Altered endothelium-dependent and -independent hyperpolarization and endothelium-dependent relaxation in carotid arteries isolated from streptozotocin-induced diabetic rats

Abstract

We examined endothelium-dependent and -independent hyperpolarizations and endothelium-dependent relaxation responses in carotid arteries isolated from streptozotocin-induced diabetic rats and age-matched controls. The resting membrane potentials were not significantly different between control and diabetic carotid arteries. The endothelium-dependent hyperpolarization induced by acetylcholine, which was inhibited by TEA but not by glibenclamide or by treatment with either a high concentration of glucose or pertussis toxin, was significantly weaker in diabetic arteries than in the controls.
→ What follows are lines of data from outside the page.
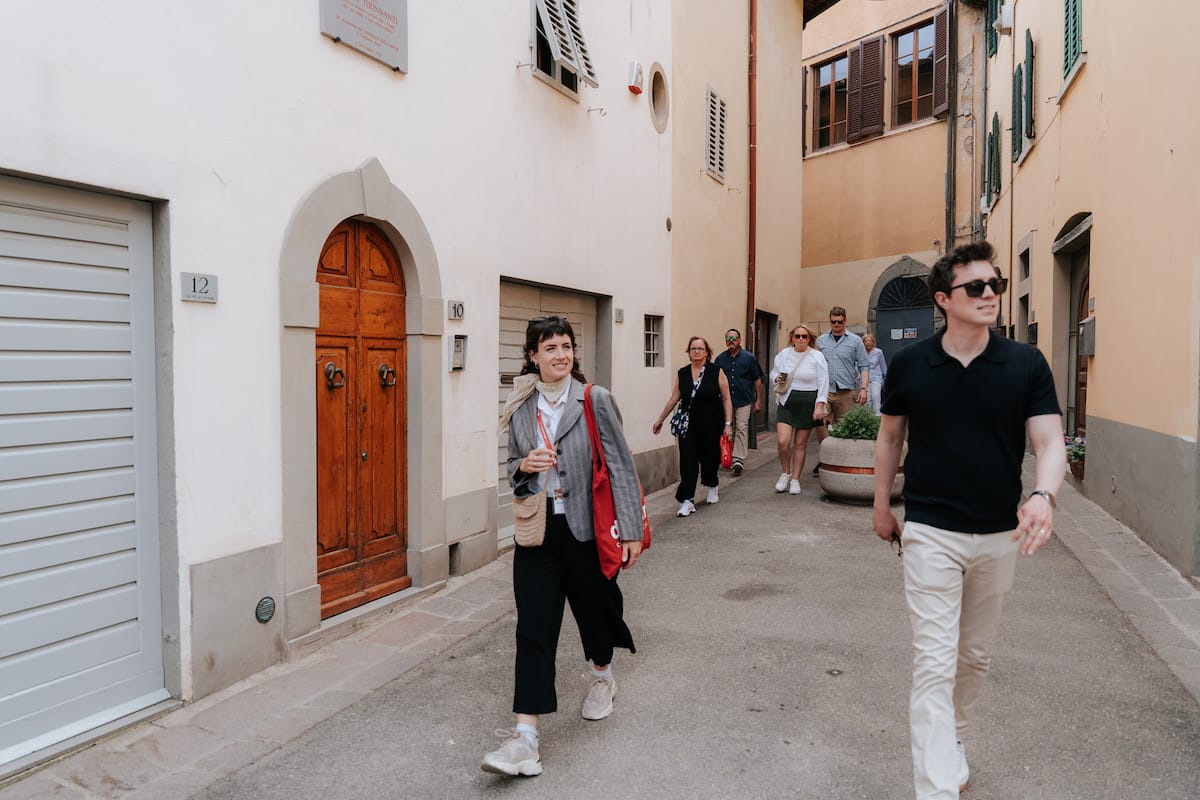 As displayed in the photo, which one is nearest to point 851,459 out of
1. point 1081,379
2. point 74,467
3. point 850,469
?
point 850,469

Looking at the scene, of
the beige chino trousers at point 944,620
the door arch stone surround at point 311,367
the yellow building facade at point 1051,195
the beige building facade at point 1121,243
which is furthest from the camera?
the yellow building facade at point 1051,195

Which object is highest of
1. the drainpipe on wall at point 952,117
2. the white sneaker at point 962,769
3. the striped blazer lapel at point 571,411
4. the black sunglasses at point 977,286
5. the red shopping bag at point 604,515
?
the drainpipe on wall at point 952,117

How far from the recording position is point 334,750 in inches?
143

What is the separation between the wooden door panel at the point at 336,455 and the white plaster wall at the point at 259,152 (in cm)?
45

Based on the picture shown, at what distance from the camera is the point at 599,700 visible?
3865 millimetres

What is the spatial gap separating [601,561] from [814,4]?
623 inches

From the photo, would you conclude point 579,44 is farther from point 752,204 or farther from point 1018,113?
point 1018,113

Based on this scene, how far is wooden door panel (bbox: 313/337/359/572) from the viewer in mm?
5051

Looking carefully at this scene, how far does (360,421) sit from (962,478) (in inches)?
146

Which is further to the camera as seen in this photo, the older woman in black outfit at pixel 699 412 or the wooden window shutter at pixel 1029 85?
the wooden window shutter at pixel 1029 85

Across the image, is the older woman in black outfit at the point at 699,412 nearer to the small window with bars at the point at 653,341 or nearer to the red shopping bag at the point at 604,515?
the small window with bars at the point at 653,341

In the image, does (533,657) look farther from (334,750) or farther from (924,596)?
(924,596)

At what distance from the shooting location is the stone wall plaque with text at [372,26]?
16.2 feet

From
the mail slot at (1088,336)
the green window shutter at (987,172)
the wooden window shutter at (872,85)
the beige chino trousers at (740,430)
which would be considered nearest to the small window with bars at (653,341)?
the beige chino trousers at (740,430) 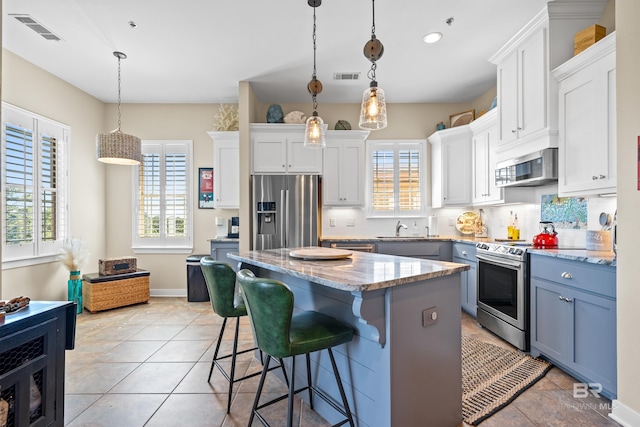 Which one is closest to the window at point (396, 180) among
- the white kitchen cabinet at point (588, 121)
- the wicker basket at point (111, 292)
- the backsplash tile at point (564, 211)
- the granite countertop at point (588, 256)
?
the backsplash tile at point (564, 211)

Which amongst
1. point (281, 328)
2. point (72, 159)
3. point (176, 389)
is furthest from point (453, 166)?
point (72, 159)

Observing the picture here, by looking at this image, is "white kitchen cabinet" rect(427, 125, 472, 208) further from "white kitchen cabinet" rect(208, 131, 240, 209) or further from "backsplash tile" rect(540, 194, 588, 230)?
"white kitchen cabinet" rect(208, 131, 240, 209)

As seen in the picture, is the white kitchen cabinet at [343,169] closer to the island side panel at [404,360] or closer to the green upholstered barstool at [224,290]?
the green upholstered barstool at [224,290]

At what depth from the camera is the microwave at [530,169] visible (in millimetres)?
2822

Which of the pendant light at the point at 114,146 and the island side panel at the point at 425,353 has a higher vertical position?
the pendant light at the point at 114,146

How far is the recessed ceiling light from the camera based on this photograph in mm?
3150

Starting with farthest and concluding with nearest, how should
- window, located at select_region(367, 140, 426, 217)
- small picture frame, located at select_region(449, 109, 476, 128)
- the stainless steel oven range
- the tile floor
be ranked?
window, located at select_region(367, 140, 426, 217)
small picture frame, located at select_region(449, 109, 476, 128)
the stainless steel oven range
the tile floor

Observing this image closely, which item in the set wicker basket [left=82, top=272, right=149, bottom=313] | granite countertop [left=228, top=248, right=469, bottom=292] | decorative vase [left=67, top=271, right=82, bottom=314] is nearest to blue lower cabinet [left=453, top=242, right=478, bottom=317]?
granite countertop [left=228, top=248, right=469, bottom=292]

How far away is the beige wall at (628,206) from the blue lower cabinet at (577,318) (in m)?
0.14

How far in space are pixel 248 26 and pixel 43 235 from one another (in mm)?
3479

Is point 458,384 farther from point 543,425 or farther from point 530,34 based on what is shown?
point 530,34

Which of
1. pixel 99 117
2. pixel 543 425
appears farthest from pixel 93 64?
pixel 543 425

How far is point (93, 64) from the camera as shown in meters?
3.74

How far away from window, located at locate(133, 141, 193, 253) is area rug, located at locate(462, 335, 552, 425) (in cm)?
413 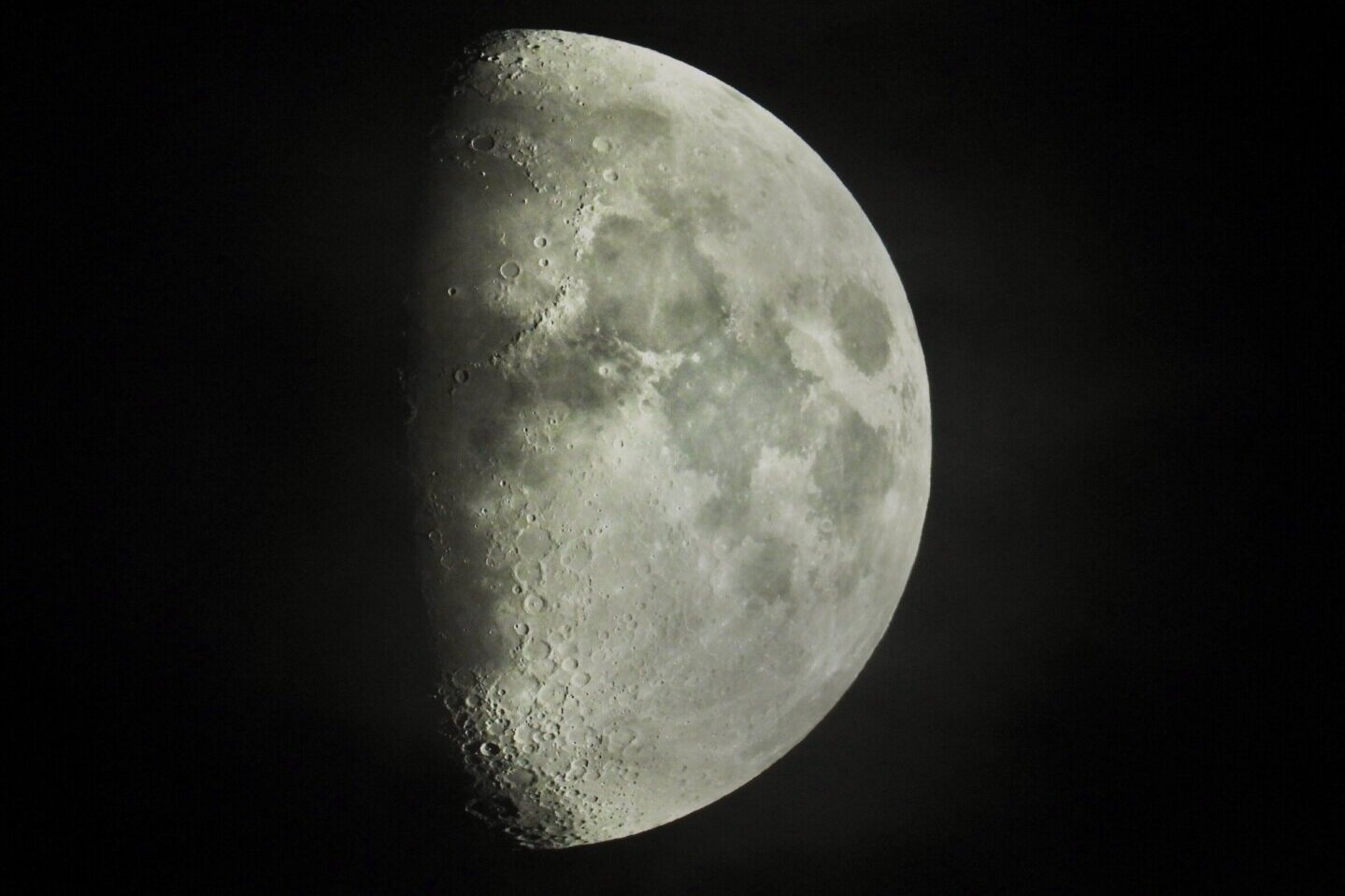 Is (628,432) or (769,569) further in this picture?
(769,569)

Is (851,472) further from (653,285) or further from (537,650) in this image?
(537,650)

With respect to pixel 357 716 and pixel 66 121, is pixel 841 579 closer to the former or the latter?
pixel 357 716

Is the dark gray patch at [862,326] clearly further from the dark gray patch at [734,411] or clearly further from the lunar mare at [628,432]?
the dark gray patch at [734,411]

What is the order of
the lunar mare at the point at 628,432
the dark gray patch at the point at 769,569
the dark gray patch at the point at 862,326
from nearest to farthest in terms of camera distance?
the lunar mare at the point at 628,432, the dark gray patch at the point at 769,569, the dark gray patch at the point at 862,326

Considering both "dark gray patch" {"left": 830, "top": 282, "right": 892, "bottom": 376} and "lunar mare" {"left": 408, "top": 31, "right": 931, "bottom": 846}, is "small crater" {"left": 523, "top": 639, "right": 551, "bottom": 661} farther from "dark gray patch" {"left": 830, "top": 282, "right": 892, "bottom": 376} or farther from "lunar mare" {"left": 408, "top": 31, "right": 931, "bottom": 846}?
"dark gray patch" {"left": 830, "top": 282, "right": 892, "bottom": 376}

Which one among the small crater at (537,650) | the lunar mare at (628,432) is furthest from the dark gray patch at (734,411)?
the small crater at (537,650)

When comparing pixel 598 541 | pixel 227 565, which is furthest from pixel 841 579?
pixel 227 565

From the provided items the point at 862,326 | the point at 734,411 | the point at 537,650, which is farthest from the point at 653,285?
Result: the point at 537,650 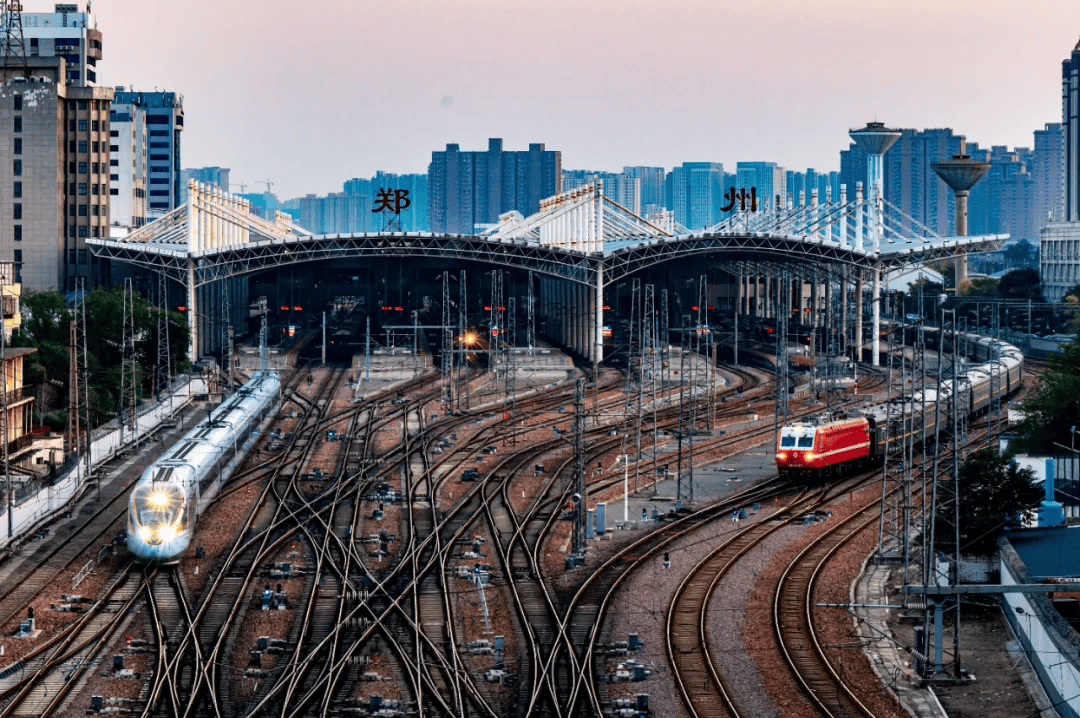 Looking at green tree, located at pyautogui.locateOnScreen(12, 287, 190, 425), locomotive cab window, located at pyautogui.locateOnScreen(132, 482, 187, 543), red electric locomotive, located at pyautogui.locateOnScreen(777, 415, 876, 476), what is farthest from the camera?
green tree, located at pyautogui.locateOnScreen(12, 287, 190, 425)

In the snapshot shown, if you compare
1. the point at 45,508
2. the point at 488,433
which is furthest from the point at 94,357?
the point at 45,508

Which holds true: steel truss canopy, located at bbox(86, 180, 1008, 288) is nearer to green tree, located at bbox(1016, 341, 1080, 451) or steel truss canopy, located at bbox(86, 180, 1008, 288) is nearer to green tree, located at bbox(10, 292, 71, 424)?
green tree, located at bbox(10, 292, 71, 424)

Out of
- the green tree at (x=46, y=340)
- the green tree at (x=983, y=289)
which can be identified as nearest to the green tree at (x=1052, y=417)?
the green tree at (x=46, y=340)

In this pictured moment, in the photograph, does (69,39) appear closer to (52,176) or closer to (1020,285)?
(52,176)

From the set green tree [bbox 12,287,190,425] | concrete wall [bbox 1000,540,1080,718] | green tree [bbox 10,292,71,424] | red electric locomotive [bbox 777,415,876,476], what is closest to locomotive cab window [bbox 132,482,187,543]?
concrete wall [bbox 1000,540,1080,718]

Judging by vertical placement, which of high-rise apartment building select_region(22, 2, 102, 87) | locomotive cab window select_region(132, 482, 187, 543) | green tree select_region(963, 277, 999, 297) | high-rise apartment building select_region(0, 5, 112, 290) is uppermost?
high-rise apartment building select_region(22, 2, 102, 87)

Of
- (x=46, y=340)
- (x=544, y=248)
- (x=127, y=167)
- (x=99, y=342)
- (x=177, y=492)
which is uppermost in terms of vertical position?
(x=127, y=167)

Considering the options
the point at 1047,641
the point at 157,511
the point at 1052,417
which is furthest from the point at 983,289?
the point at 1047,641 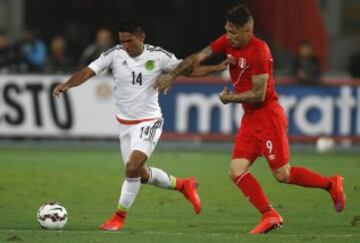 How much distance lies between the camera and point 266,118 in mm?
11750

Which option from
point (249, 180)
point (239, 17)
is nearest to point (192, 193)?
point (249, 180)

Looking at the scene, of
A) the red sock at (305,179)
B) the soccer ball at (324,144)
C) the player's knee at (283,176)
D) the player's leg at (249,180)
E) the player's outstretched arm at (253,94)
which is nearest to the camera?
the player's outstretched arm at (253,94)

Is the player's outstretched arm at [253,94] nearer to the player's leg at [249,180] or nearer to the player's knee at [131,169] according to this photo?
the player's leg at [249,180]

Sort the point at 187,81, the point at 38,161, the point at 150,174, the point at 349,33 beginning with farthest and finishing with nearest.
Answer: the point at 349,33 → the point at 187,81 → the point at 38,161 → the point at 150,174

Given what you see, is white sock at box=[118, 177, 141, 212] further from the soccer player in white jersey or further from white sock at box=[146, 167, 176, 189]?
white sock at box=[146, 167, 176, 189]

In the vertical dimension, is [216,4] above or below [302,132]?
above

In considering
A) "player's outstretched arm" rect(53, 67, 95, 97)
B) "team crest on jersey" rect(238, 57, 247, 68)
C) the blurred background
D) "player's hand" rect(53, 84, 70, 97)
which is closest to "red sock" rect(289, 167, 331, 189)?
"team crest on jersey" rect(238, 57, 247, 68)

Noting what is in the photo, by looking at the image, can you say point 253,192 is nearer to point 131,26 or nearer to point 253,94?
point 253,94

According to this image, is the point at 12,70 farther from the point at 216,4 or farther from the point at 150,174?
the point at 150,174

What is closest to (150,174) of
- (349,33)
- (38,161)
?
(38,161)

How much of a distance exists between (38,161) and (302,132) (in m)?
5.21

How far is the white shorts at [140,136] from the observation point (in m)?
12.1

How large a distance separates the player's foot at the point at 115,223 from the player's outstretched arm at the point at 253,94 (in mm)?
1559

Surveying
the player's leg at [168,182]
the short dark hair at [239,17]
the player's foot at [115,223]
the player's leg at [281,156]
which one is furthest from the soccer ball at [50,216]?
the short dark hair at [239,17] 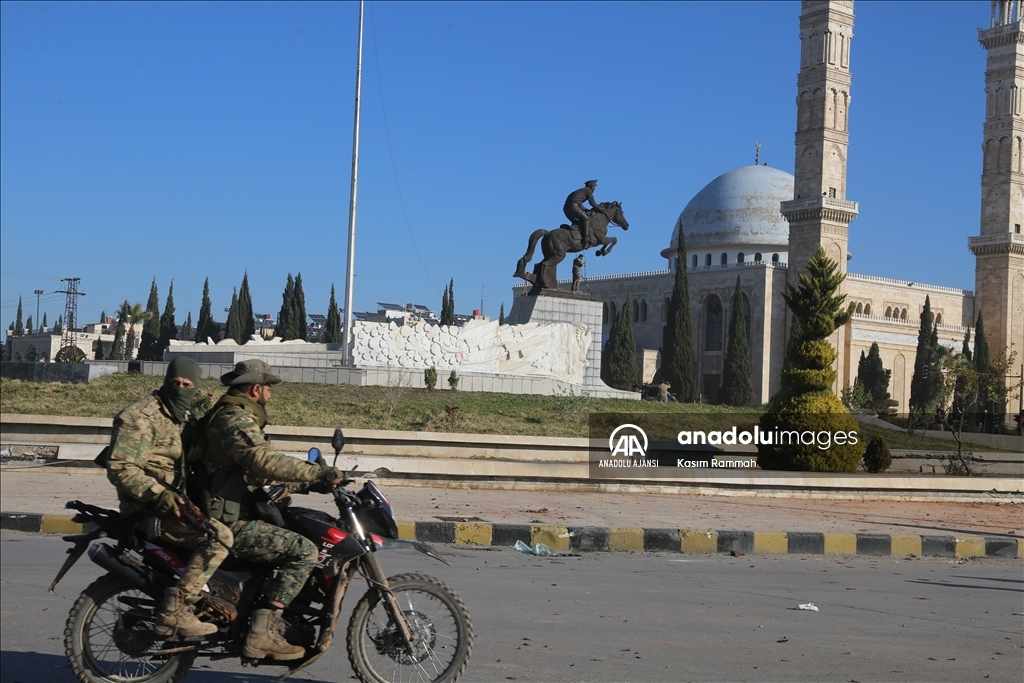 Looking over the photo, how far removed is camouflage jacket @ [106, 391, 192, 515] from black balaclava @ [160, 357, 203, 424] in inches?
1.6

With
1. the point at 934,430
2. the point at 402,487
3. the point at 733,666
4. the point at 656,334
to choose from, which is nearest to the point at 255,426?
the point at 733,666

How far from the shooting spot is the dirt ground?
10812mm

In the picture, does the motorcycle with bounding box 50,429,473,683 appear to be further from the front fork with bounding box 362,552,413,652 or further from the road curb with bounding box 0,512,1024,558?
the road curb with bounding box 0,512,1024,558

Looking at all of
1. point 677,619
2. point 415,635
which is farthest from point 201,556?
point 677,619

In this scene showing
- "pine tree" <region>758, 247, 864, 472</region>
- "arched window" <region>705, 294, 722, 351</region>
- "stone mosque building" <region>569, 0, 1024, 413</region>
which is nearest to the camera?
"pine tree" <region>758, 247, 864, 472</region>

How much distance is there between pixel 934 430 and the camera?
1185 inches

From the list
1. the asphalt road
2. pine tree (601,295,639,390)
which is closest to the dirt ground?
the asphalt road

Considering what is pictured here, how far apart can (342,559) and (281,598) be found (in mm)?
272

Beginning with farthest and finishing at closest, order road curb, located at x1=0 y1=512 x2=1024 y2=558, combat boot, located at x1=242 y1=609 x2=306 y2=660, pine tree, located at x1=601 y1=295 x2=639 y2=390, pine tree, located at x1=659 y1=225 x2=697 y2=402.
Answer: pine tree, located at x1=601 y1=295 x2=639 y2=390, pine tree, located at x1=659 y1=225 x2=697 y2=402, road curb, located at x1=0 y1=512 x2=1024 y2=558, combat boot, located at x1=242 y1=609 x2=306 y2=660

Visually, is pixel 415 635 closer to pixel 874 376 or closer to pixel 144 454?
pixel 144 454

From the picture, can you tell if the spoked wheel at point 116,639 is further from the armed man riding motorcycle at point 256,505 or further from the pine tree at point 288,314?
the pine tree at point 288,314

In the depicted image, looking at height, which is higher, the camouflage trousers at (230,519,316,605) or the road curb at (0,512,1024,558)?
the camouflage trousers at (230,519,316,605)

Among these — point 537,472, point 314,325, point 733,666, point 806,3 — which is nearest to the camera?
point 733,666

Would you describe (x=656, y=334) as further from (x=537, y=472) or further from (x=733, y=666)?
(x=733, y=666) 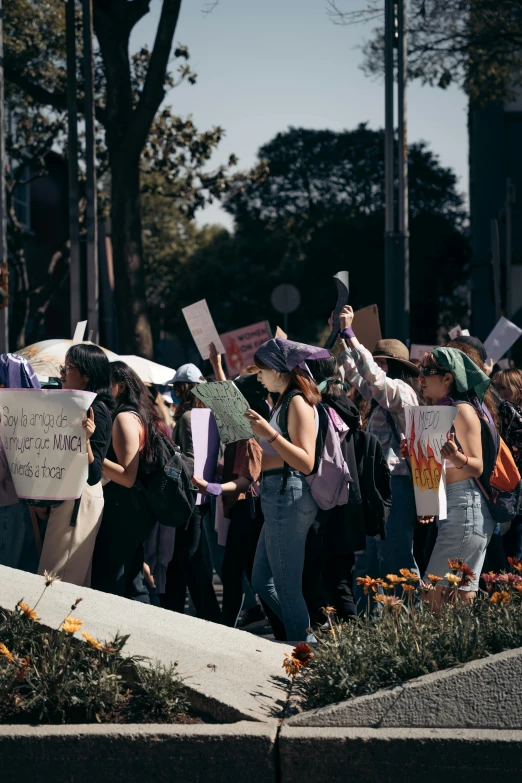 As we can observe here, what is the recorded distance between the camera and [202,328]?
8664mm

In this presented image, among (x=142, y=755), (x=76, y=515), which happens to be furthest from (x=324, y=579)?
(x=142, y=755)

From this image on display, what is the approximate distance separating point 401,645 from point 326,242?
5637 centimetres

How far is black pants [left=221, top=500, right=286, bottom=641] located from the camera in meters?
7.48

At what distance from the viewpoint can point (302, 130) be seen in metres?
70.2

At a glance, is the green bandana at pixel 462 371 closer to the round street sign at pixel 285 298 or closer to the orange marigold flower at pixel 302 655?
the orange marigold flower at pixel 302 655

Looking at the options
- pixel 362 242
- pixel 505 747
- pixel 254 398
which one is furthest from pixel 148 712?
pixel 362 242

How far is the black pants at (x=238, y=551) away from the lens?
7477 mm

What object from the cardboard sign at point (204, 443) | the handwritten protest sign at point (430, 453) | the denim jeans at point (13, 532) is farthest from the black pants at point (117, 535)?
the handwritten protest sign at point (430, 453)

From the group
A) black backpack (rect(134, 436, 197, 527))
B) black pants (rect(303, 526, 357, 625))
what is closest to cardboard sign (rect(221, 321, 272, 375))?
black pants (rect(303, 526, 357, 625))

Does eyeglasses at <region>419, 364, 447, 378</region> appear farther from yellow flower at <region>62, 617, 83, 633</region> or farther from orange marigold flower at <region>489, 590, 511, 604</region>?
yellow flower at <region>62, 617, 83, 633</region>

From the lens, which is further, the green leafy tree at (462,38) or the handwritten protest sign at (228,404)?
the green leafy tree at (462,38)

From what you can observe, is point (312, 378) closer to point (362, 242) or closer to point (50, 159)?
point (50, 159)

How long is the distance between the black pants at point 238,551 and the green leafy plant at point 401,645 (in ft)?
8.84

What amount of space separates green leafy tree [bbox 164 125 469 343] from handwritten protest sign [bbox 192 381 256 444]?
48027 mm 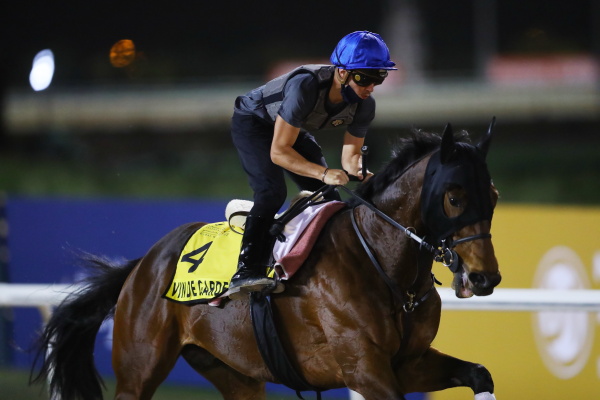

The relaxation responses to acetylcholine in carotid artery rings were significantly decreased in streptozotocin-diabetic rats. Treatment with NG-nitro-L-arginine (L-NOARG) inhibited the acetylcholine-induced maximal relaxation by 80% and 30% in control and streptozotocin-diabetic rats, respectively, and the simultaneous application of L-NOARG and indomethacin had a more potent inhibitory effect on this relaxation in both groups. The release of 6-keto-prostaglandin F1alpha and that of thromboxane A2 in response to methoxamine or methoxamine plus acetylcholine were both markedly decreased in diabetic rats. The cromakalim-induced hyperpolarization of the carotid artery, which was completely prevented by glibenclamide, was also significantly weaker in diabetic arteries than in the controls. These results suggest that changes in (1) various K+ channels on smooth muscle, (2) the biosynthesis of cyclooxygenase products and (3) endothelium-dependent relaxation may be important factors in the development of diabetic complications in the carotid artery.